Exercise instructions:
Your answer must be an exact copy of the listing, with the images left out.

Information shown:
+ + + +
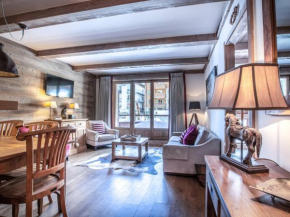 Appartement de prestige avec terrasse Sud, 2 chambres et parking au coeur de Val-d'Isère - FR-1-694-202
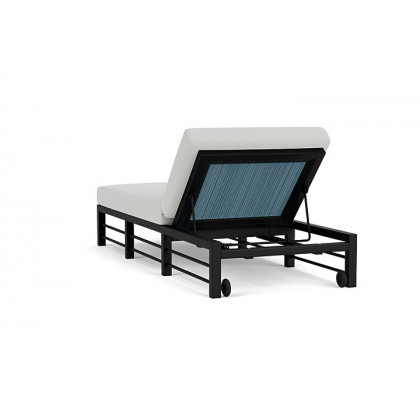 Lloyd Flanders™ Southport Chaise  - Stillwater, Loveboat Mint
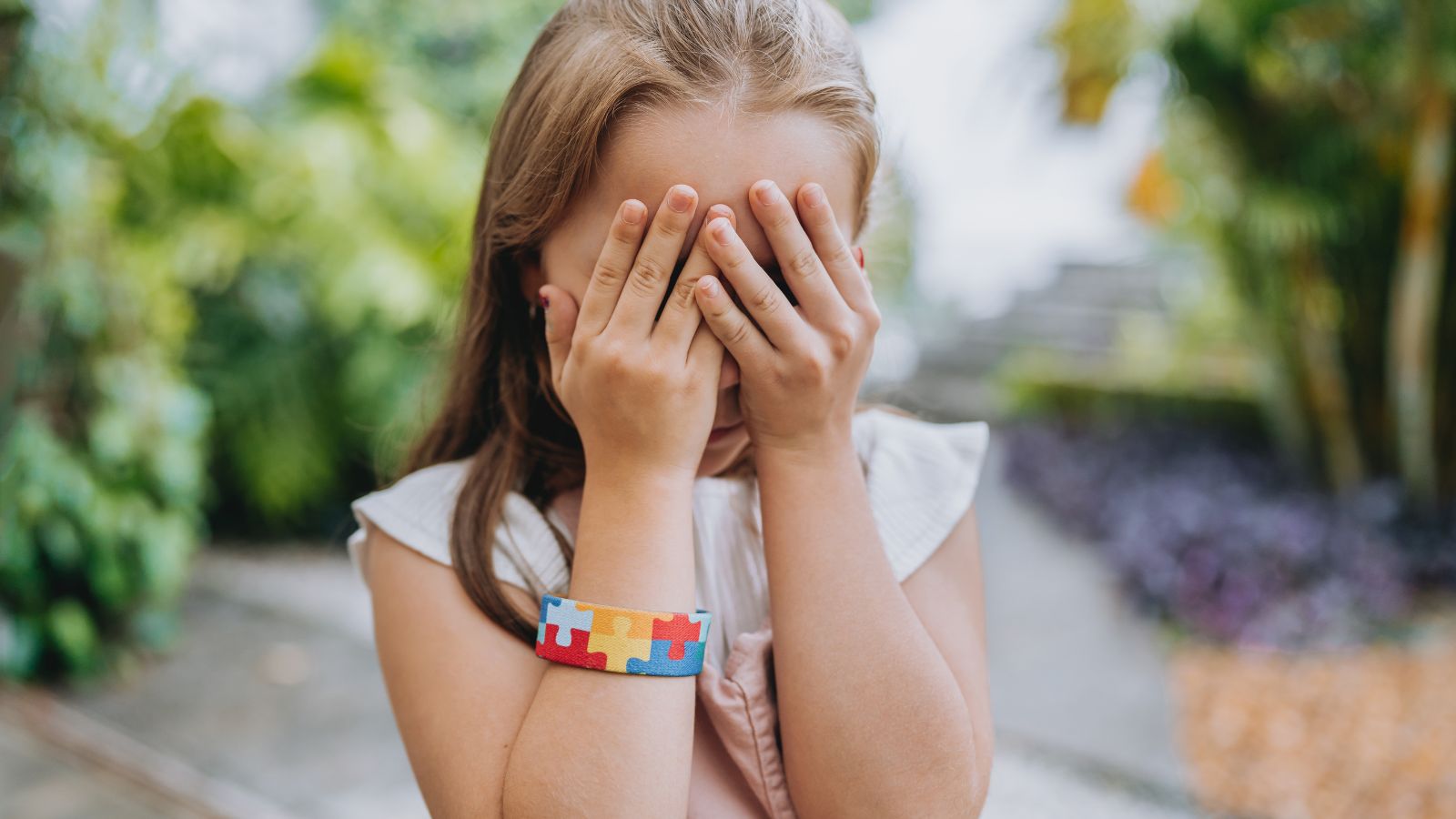 Nhận biết dấu hiệu trẻ tự kỷ 2 tuổi giúp ba mẹ chăm sóc trẻ tốt hơn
+ + + +
Task response:
 Appartement de prestige avec terrasse Sud, 2 chambres et parking au coeur de Val-d'Isère - FR-1-694-202
 Lloyd Flanders™ Southport Chaise  - Stillwater, Loveboat Mint
 Nhận biết dấu hiệu trẻ tự kỷ 2 tuổi giúp ba mẹ chăm sóc trẻ tốt hơn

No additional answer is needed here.